The background is more in Belgium's internal politics: "The reason why the Walloon Region is trying to block or at least delay the CETA is political only. The Belgian federal government is run by the right wing whereas the Walloon Region is dominated by the socialists. The problem for the Walloon socialists is that there are losing ground to the extreme left. Hence, it is critical for them to show that they are fighting the CETA whose benefits would only to large multinational corporations. All this fuss about the CETA has thus to be seen in the context of Belgian politics. Belgium has an extremely open economy and exports much more than it imports. We are net beneficiaries of free trade." says Damien Geradine, Founding Partner of EDGE | Legal Thinking, a Brussels-based boutique law firm specialized in EU competition law and intellectual property law and Professor of Competition Law & Economics at Tilburg University (the Netherlands) and at George Mason University School of Law (Washington, DC).
Anybody who followed the ups and downs while Belgium tried to form a government after recent elections (not just one but the last two anyway), can understand this.

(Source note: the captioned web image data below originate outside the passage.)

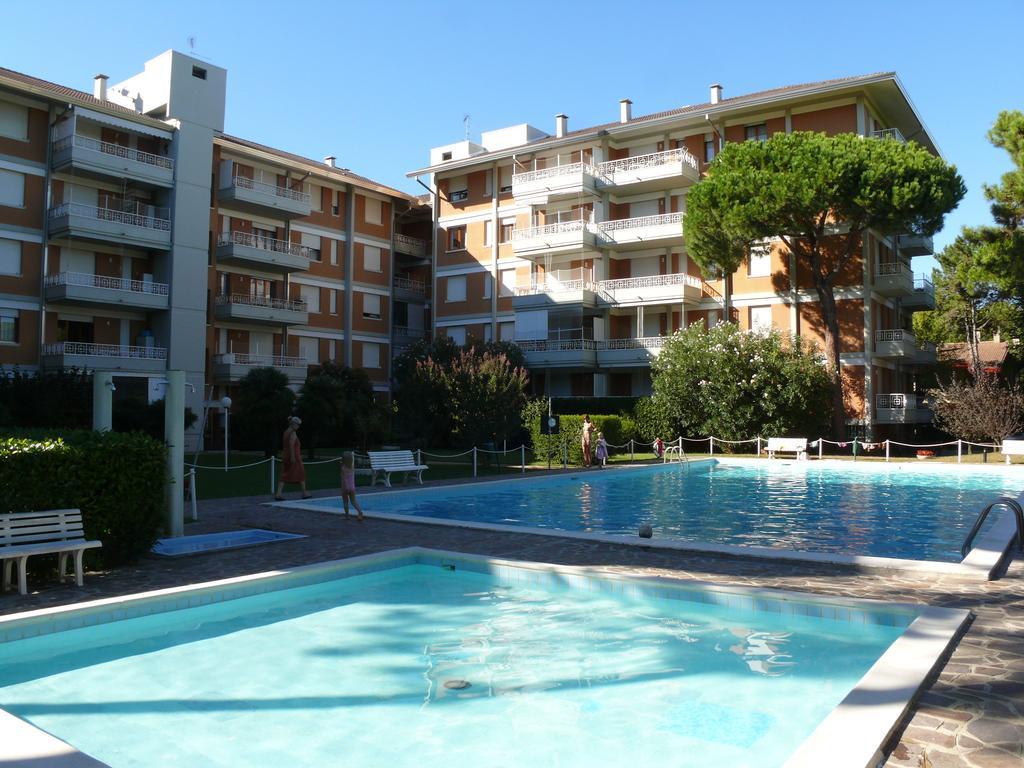 Residence Gardenia Lignano Sabbiadoro Eksteriør billede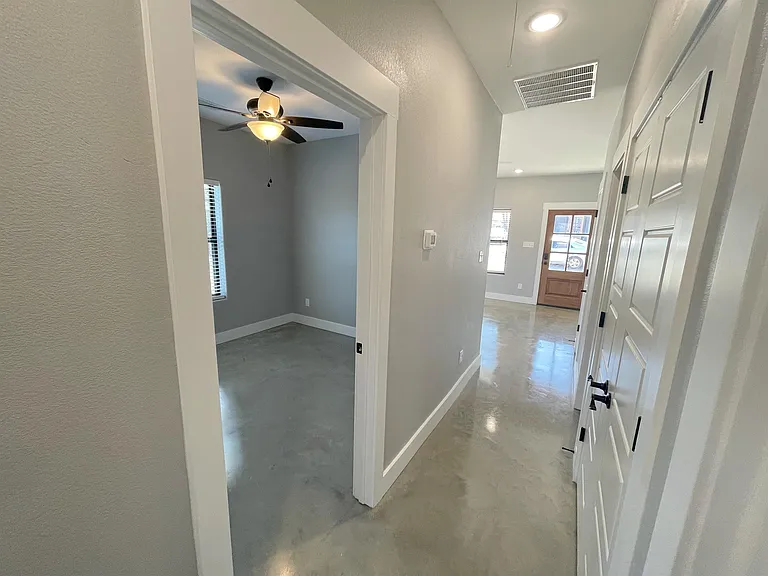 1215 Oak Dr #103 — Photo 28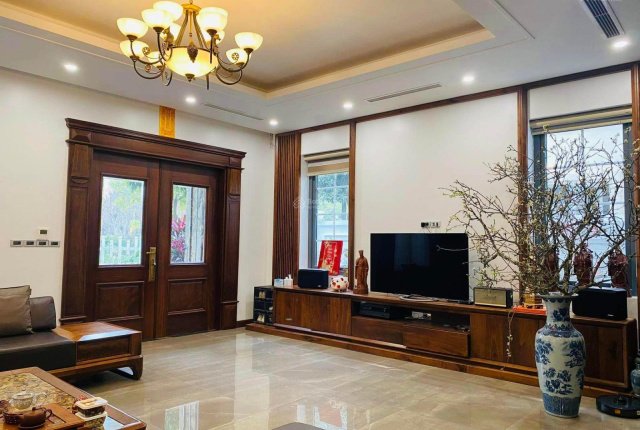 Bán gấp nhà chính chủ ngõ 135 Đội Cấn Ba Đình, gần hồ Đầm Tròn, giá chỉ 2,8 tỷ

The Commission finally succeeded to convince the Wallons to approve the deal. This is not the first time that a vote first hindering EU actions is repeated - it happened to Denmark on the Maastricht Treaty, Ireland on the Nice Treaty and Ireland again on the Lisbon Treaty. The Dutch and French no to the Constitutional treaty of the EU was accepted, but the project restarted and resulted in the (somewhat weaker and legally more complex but less strong) Lisbon treaty. It was, however, not just repeating the votes, the situation or the arguments have also changed, as explained in http://blogs.lse.ac.uk/europpblog/2015/10/19/asking-the-public-twice-why-do-voters-change-their-minds-in-second-referendums-on-eu-treaties/
There are two questions lingering: Will the Brexit vote also be repeated? What will happen to the TTIP? The latter question may be irrelevant, given that the TTIP faces much more resistance and that enthusiasm for it may fade in the U.S., too, if not already faded - and neither of the two presidential candidates is eager on it. No question that with Trump, we may bury it entirely but Clinton also treads carefully on it.